Page 1 of 1
PCRE POSIX Character Class [[:punct:]] and non-Roman scripts
Posted: Mon Jan 14, 2019 7:29 pm
by dfhtextpipe
The PCRE POSIX Character Class
[[:punct:]] does not find punctuation marks for any non-Roman scripts.
In UTF-8 mode, characters with values greater than 255 do not match any of the POSIX character classes.
So for example, it does not find these punctuation marks in a UTF-8 file containing Farsi (Persian) content:
Code: Select all
U+060C ، 1,679 ARABIC COMMA
U+061B ؛ 50 ARABIC SEMICOLON
U+061F ؟ 156 ARABIC QUESTION MARK
cf.

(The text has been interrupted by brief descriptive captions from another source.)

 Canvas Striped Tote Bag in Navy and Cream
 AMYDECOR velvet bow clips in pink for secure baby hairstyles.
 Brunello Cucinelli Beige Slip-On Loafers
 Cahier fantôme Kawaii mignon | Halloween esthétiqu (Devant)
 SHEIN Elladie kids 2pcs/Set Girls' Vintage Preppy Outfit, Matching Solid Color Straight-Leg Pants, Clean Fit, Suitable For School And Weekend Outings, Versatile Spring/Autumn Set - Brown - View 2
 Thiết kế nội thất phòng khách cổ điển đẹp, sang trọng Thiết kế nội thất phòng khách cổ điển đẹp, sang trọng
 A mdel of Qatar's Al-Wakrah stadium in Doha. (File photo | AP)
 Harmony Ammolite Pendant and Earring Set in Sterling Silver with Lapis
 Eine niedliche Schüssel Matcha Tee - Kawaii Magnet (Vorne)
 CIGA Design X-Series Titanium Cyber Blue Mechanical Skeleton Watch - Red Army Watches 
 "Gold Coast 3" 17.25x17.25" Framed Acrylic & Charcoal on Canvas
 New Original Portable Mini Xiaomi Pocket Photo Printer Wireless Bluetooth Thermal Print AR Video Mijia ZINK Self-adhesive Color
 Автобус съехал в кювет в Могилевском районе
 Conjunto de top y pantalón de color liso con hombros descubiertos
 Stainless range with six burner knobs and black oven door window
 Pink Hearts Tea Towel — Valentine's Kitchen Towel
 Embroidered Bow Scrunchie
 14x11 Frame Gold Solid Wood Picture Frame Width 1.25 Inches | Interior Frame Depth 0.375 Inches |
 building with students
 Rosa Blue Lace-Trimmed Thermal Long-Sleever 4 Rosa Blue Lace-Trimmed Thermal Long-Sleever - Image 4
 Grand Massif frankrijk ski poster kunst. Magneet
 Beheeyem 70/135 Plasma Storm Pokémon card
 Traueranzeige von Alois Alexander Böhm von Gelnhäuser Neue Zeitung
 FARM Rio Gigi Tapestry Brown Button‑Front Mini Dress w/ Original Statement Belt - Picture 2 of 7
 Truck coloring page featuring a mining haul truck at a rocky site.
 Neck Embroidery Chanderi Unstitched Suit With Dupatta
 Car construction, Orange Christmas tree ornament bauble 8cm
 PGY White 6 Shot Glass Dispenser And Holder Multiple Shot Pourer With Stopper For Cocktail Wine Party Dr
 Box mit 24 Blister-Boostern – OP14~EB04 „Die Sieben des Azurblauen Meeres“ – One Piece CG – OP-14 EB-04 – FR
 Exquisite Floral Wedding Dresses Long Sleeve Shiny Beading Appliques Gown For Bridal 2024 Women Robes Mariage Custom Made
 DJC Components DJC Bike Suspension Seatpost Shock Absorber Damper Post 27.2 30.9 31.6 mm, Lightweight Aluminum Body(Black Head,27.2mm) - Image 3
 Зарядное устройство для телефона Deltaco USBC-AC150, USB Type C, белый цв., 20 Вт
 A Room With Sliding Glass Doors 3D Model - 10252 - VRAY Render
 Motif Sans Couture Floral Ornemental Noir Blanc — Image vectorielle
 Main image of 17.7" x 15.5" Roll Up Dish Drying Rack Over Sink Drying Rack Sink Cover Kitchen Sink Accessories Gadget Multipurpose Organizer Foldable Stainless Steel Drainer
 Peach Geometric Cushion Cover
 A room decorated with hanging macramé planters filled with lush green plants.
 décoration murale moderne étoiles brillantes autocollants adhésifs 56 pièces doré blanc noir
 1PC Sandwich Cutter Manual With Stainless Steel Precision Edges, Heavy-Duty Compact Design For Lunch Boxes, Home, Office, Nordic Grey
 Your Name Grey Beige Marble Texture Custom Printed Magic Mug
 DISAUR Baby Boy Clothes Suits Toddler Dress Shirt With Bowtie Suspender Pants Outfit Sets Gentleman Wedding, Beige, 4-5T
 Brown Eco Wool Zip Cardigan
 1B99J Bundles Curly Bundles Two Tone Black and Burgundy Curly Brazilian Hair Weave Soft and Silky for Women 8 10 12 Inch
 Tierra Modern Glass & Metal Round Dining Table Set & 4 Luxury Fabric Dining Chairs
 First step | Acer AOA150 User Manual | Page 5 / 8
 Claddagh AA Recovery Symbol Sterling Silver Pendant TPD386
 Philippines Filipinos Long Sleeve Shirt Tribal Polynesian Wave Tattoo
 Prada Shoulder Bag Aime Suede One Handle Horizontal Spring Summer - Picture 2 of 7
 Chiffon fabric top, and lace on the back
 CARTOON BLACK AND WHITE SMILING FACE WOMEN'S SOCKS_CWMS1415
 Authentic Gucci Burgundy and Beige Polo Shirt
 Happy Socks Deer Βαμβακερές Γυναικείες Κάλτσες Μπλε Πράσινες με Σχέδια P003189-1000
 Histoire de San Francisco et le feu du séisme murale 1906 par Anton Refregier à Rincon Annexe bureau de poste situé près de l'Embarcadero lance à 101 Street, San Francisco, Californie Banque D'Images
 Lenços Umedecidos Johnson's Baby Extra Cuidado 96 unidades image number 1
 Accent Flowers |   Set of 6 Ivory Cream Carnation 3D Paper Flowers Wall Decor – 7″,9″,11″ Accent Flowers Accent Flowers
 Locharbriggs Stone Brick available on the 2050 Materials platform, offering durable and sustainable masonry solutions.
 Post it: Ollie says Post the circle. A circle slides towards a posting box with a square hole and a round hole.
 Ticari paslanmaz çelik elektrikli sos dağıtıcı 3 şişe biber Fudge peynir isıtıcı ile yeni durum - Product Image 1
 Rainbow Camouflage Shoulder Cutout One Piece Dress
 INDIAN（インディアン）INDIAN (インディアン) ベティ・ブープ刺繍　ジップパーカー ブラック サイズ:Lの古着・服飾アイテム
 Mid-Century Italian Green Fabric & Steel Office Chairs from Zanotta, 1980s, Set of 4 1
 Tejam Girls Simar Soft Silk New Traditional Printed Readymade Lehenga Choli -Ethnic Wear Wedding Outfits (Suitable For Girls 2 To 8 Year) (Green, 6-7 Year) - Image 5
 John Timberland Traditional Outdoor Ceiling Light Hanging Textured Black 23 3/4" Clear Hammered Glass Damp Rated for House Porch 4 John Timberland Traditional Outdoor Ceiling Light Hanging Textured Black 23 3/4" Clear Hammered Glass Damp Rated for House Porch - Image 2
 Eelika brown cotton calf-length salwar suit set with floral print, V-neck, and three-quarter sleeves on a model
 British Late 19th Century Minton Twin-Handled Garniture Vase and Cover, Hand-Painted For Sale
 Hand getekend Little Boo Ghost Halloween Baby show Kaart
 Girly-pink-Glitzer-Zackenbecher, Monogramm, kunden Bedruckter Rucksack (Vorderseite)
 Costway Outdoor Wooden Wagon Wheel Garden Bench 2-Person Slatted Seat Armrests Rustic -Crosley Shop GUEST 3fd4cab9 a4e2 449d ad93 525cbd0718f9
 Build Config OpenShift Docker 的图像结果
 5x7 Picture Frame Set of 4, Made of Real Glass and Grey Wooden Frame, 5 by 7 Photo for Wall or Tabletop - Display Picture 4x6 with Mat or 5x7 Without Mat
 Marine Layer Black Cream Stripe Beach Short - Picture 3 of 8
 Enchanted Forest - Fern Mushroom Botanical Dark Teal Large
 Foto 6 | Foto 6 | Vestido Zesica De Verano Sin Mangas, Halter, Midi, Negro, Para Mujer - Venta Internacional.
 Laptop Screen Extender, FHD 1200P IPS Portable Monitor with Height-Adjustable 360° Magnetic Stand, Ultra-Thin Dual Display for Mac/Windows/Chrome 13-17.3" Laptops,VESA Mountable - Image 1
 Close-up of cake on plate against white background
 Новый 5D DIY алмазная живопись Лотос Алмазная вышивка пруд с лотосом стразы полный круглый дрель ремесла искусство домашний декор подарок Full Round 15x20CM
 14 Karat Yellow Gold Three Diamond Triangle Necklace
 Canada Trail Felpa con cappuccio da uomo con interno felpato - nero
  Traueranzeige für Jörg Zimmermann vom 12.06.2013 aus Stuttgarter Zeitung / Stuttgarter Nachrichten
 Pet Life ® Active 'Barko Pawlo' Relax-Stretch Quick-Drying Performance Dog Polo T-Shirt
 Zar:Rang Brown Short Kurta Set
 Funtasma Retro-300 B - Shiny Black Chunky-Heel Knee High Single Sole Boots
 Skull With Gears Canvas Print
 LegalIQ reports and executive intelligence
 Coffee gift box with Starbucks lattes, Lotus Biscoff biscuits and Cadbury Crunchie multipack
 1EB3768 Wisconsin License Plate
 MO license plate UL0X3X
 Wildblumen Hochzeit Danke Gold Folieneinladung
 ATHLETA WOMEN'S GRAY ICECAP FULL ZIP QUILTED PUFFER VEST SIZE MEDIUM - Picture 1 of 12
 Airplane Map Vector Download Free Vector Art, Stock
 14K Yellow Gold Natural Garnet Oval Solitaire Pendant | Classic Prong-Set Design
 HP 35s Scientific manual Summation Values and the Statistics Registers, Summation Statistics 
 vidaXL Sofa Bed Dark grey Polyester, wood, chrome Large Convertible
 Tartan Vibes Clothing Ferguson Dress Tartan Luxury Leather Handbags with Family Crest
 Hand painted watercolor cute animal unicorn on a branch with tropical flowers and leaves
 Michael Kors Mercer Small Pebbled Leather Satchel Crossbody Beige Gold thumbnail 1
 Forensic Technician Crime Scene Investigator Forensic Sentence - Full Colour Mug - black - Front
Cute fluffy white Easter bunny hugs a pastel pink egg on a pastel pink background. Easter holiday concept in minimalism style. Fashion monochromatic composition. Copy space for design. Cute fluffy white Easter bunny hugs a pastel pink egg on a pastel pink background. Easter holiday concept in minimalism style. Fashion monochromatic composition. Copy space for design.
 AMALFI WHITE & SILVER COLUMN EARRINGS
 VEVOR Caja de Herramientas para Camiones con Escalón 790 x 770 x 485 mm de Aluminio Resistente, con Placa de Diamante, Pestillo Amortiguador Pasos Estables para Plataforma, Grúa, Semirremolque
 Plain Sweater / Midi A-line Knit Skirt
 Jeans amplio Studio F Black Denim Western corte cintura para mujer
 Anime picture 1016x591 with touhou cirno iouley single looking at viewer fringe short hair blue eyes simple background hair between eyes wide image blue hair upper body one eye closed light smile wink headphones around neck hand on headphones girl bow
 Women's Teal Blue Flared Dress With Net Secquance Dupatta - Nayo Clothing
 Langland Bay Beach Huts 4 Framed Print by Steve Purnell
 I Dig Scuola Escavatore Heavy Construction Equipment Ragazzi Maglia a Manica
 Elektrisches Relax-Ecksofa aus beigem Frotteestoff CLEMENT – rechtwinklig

The same character class does find these in
Notepad++.
TextPipe should be enhanced to make this and similar character classes have the full scope of Unicode.
e.g.
[[:digit;]] should be extended to cover the number characters all non-Roman scripts, etc.
Re: PCRE POSIX Character Class [[:punct:]] and non-Roman scripts
Posted: Mon May 06, 2019 1:47 pm
by DataMystic Support
We will check with the component developer.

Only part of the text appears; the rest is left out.